On reviendra sur le sujet la semaine prochaine, lorsque la poussière sera retombée. De toute façon, un peu de recul n’a jamais fait de mal à personne…

Ce dont j’aimerais vous parler, cette semaine, c’est du nouveau sport national des Québécois: le bitchage.

C’est la mode, maintenant. Chaque fois que des comédiens ou des chanteurs se réunissent pour célébrer leur art, paf! on met la switch à bitch. Une telle est conne, l’autre n’a pas de talent…

Je m’excuse, mais qui a décidé que les galas devaient ressembler à un show de Mado Lamothe? Ce n’est pas suffisant, de donner des prix? Il faut aussi distribuer des insultes?

Pourquoi ne pas faire animer les galas par les entartistes, tant qu’à faire? Ça aurait l’avantage d’être plus clair. Une tarte, un trophée, une tarte, un trophée… La soirée pourrait être commanditée par Dream Whip.

Comprenez-moi bien, je n’ai rien contre Guy A. Lepage, au contraire. Je trouve qu’il se débrouille très bien comme animateur de gala et j’admire beaucoup son franc-parler. Quand il a critiqué la frilosité de la radio commerciale, qui ne diffuse qu’un faible pourcentage de la production musicale québécoise, j’ai applaudi des deux mains. Idem lorsqu’il nous a expliqué pourquoi Marie-Chantal Toupin était si fatiguée.

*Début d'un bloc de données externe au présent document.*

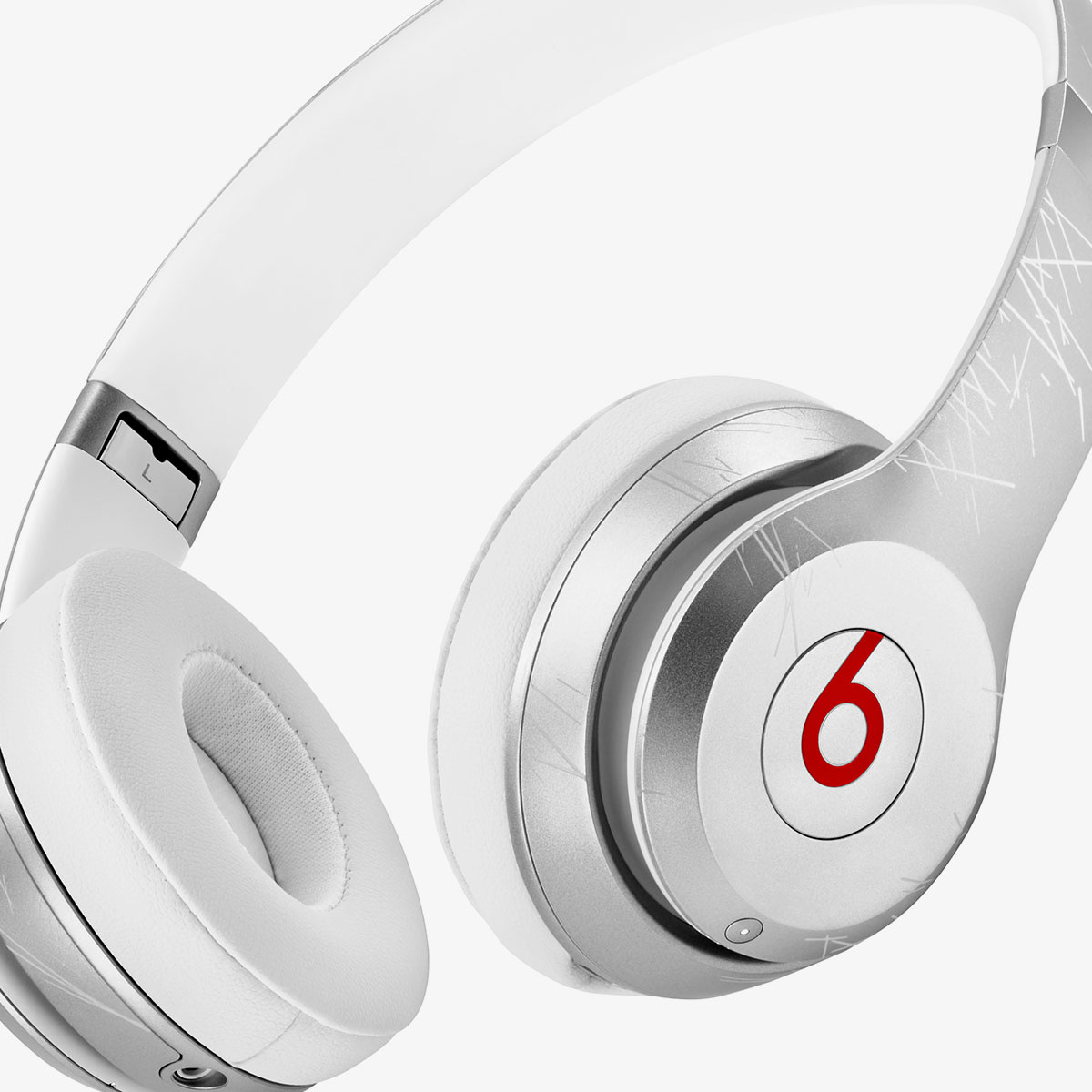 Beats by Dr.Dre x Mowalola Solo³ Wireless Headphones (Metallic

Le gag était brillant, et la démonstration, lumineuse. En trois coups de crayon, Guy A. nous a montré comment une tournée mal organisée peut bousiller la santé d’une artiste… C’était un grand moment de télé, qui nous a permis de nous coucher moins niaiseux.

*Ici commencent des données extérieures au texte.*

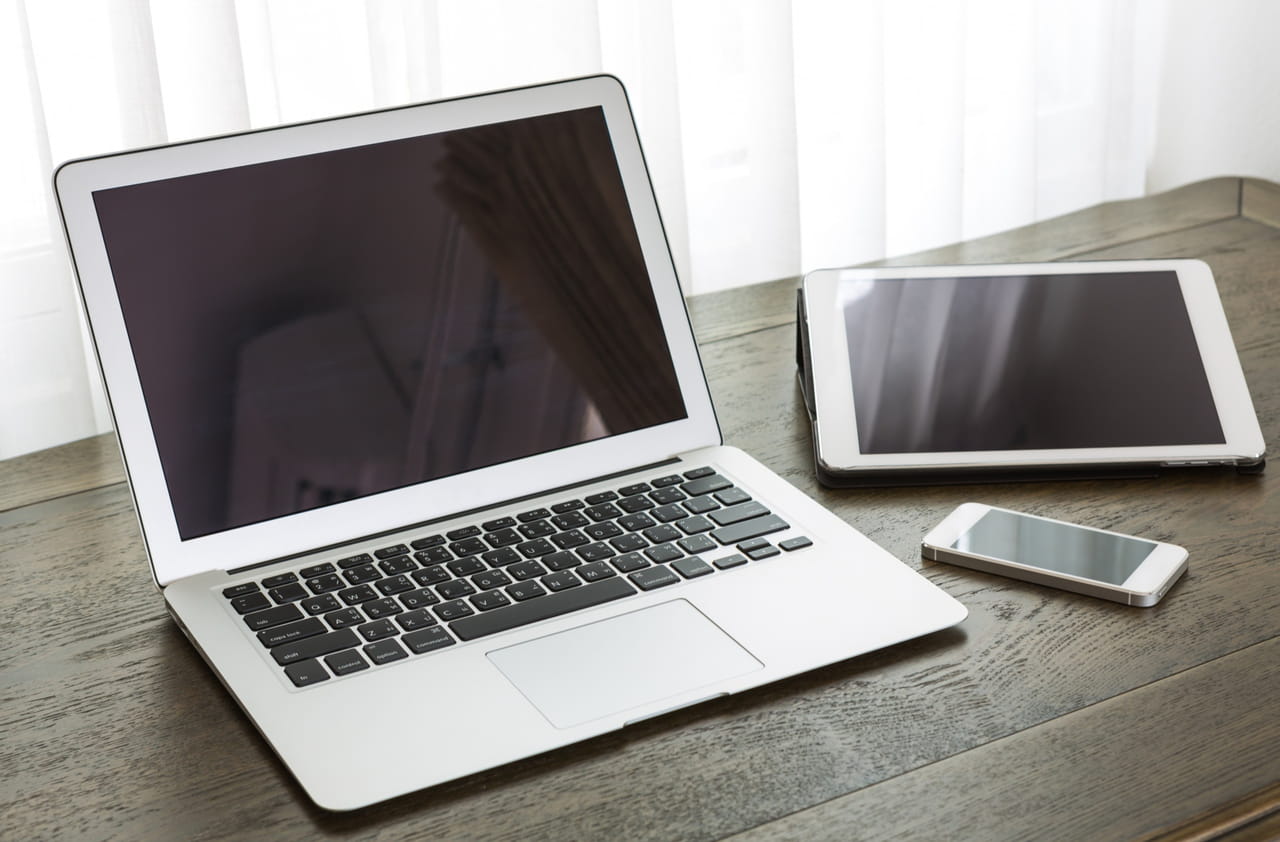 NordVPN ou Surfshark : lequel tient vraiment la route pour les connexions simultanées ?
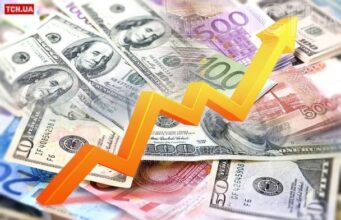 Курс валют на 1 травня: скільки коштуватимуть долар, євро і злотий Курс-валют-на 1-травня:-скільки-коштуватимуть-долар,-євро-і злотий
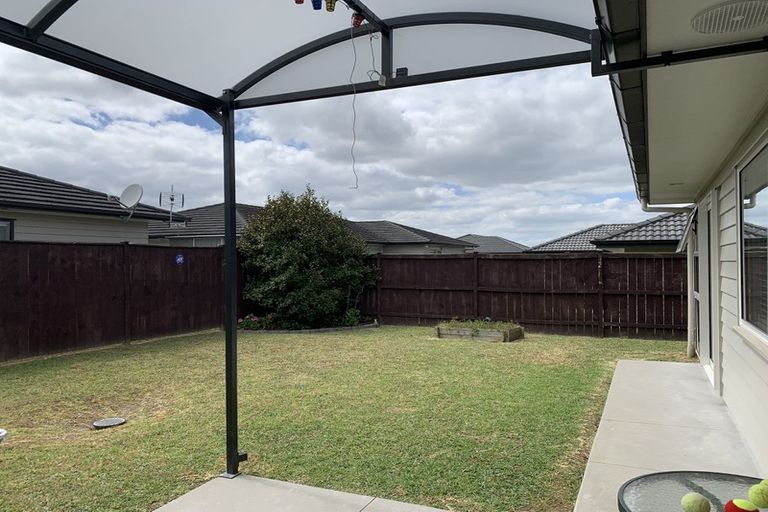 Photo of property in 8 Disley Road, Wattle Downs, Auckland, 2103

Mais les attaques personnelles, désolé, je ne comprends pas…

Guy A. n’est pas le seul à déraper de la sorte. C’est partout pareil: la mode est au bitchage. Je bitche, tu bitches, il bitche. C’est à qui sera le plus méchant, le plus mesquin. Plus rien n’est tabou, tous les coups sont permis, même les plus bas. On se moque de la vie sexuelle des personnalités publiques, de leur physique, de leurs enfants.

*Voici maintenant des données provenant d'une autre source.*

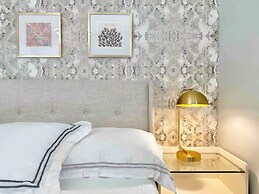 The Beverly at Mt. Lebanon by Luxe PGH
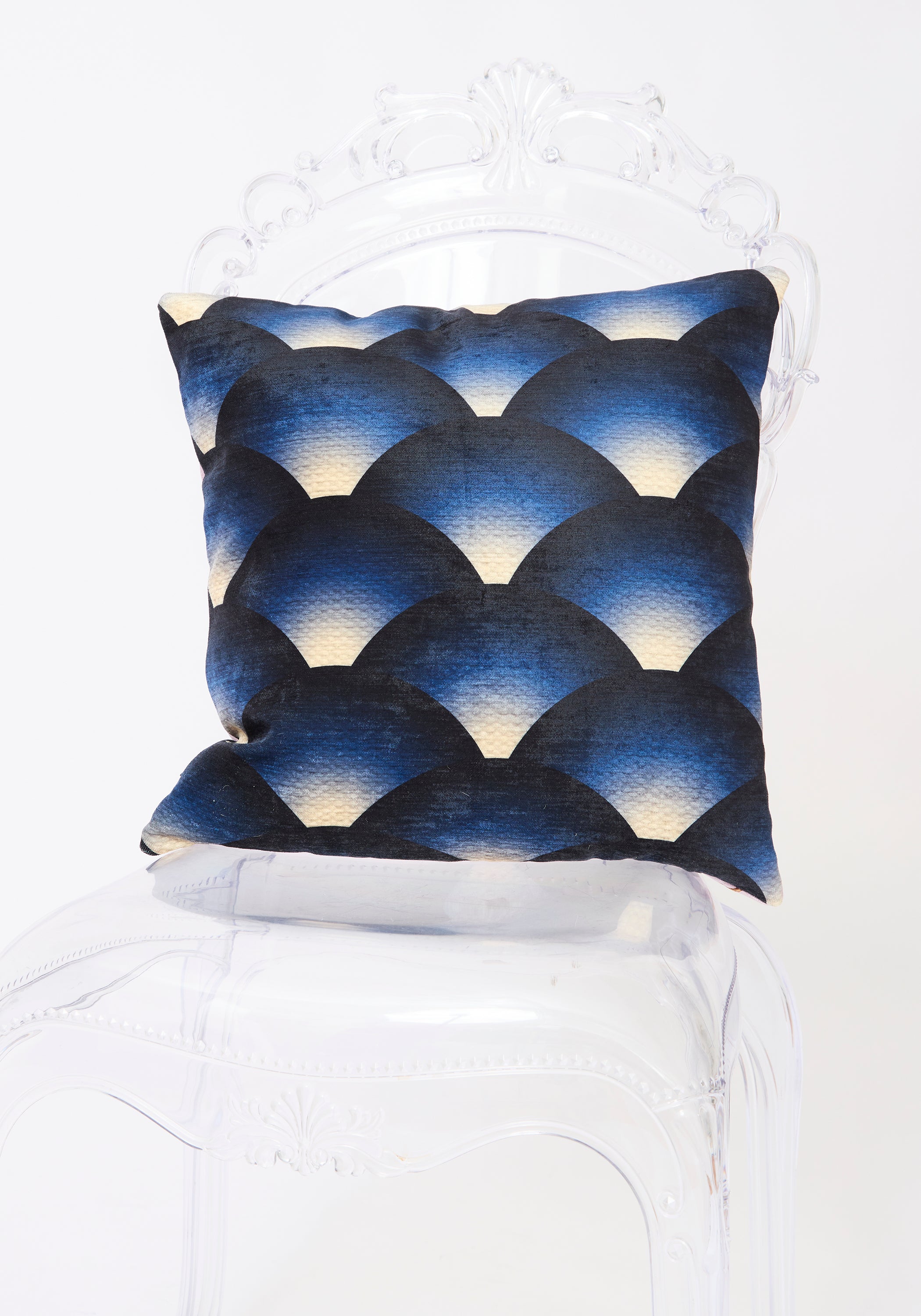 Paisaje Japones Azul Velvet Pillow - December Thieves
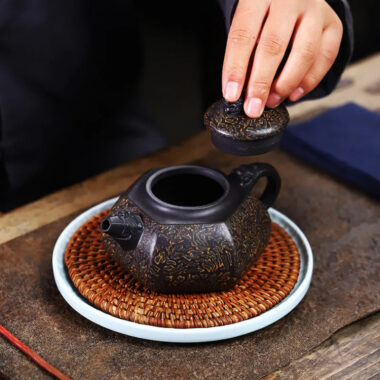 Full Handmade Yixing Zisha Teapot [Liufang Hei Bao] (Hei Jiao Ni – 310ml)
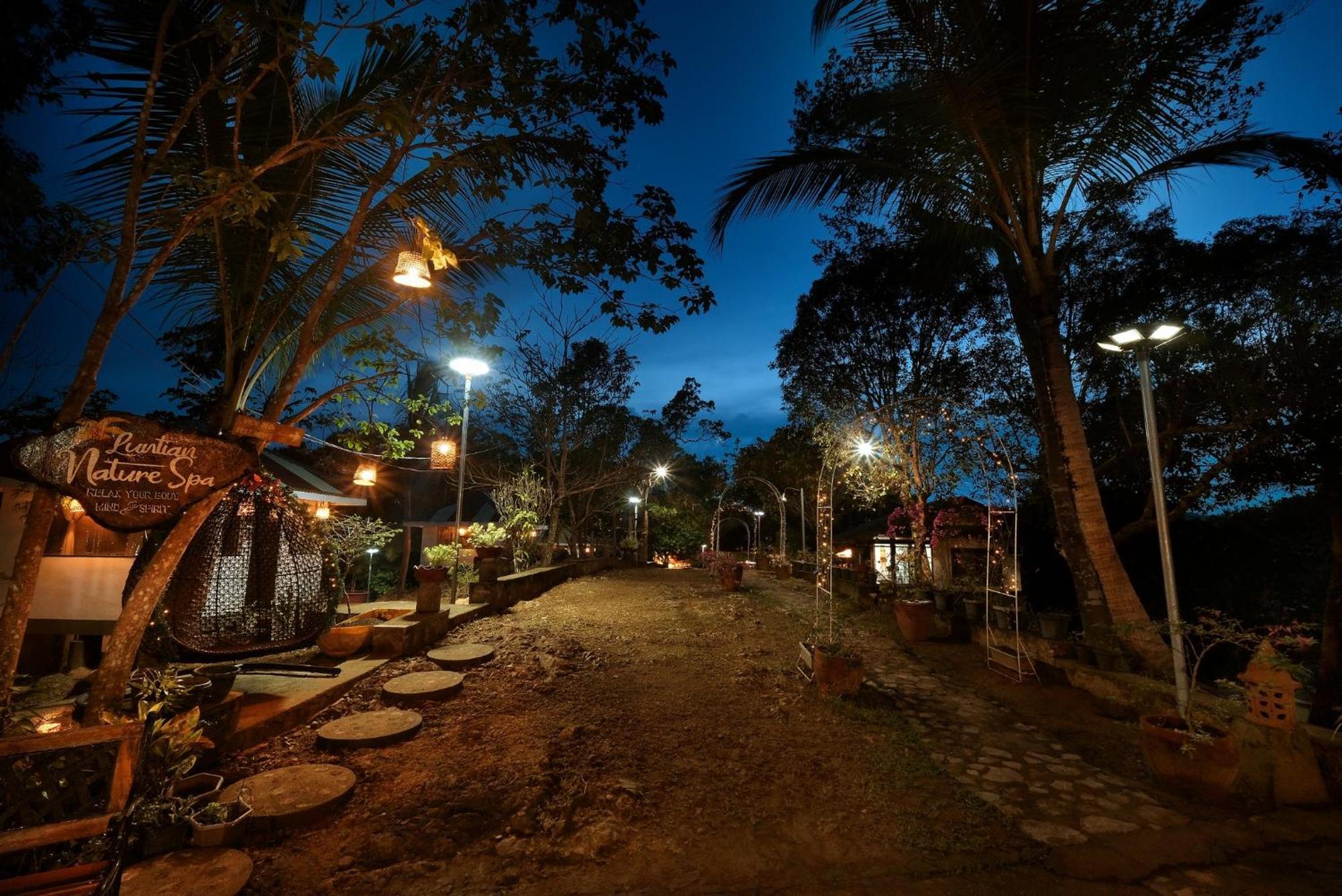 Villa Khadine Grand Vista Resort Coron Exterior photo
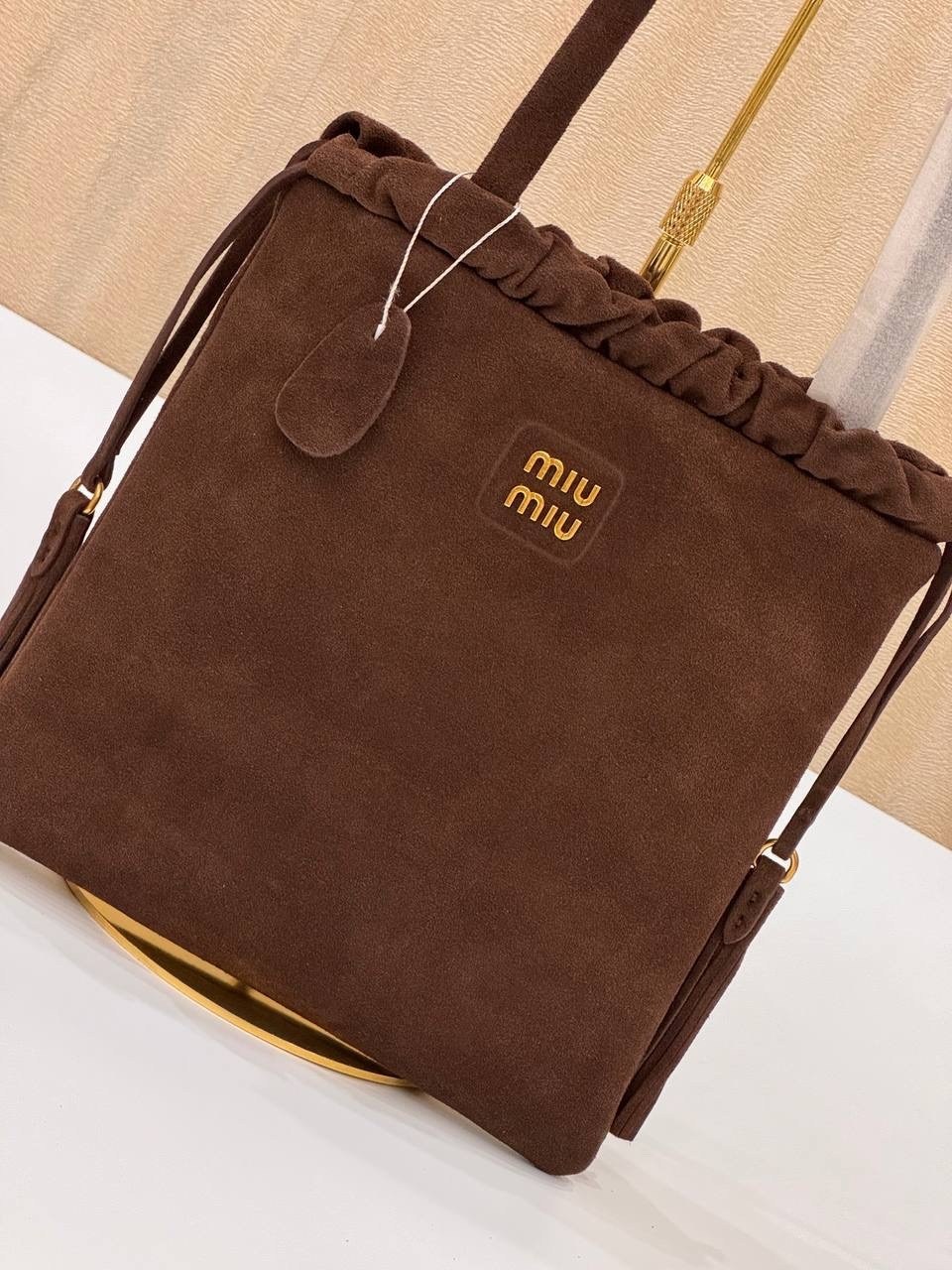 сумка miumiu matelassé с бахромой,женская сумка miu miu,сумка miu miu,сумка,сумки женская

Au moins, si on riait AVEC, ça pourrait passer. Mais non, on rit DE. Toute la salle (et tout le Québec) contre un.

Les galas, maintenant, sont des terrains minés. Pas étonnant que certains artistes préfèrent rester chez eux. Assister à un gala est rendu aussi agréable que de jouer à la roulette russe. Les gens sont assis sur le bout de leur siège, tout le monde est stressé, on ne sait jamais qui va y goûter, sur quelle tête le seau de marde va se renverser, qui va devenir la nouvelle tête de Turc des Québécois.

Belle ambiance.

Ce n’est pas censé être une célébration, un gala? Une fête, un party? Un hommage rendu aux créateurs d’ici? Un coup de chapeau soulignant la vigueur de notre vie culturelle?

Ça ressemble de plus en plus à un dîner de cons. On choisit un artiste qui est déjà à genoux, et on varge dessus jusqu’à ce qu’il tombe face contre terre.

"Tenez, mes amis, prenez un morceau de chocolat. Ah, et en passant, on a mis deux, trois carrés d’Ex-Lax dans le bol. Il y a un malchanceux qui va chier dans ses culottes toute la soirée. Dieu qu’on va s’amuser!"

Étrange façon de célébrer, non?

Si au moins on visait les bonnes cibles – les dangers de la convergence, les câblodistributeurs qui encouragent leurs clients à télécharger de la musique gratuitement, les gérants d’artistes qui produisent des shows de variétés pour promouvoir la carrière de leurs poulains, etc. Ça, ça serait instructif! Ça, ça serait amusant!

Mais non, on préfère rire de la perruque d’un tel ou du gros cul de l’autre.

Je m’ennuie du temps où Luc Plamondon et Fabienne Larouche profitaient des galas pour dénoncer l’hypocrisie des politiciens ou la cupidité des producteurs. Ça faisait tout autant parler, le lendemain, autour de la machine à café.

Mais au moins, c’était pour une bonne cause.

On brassait la cage, au lieu de juste brasser de la marde.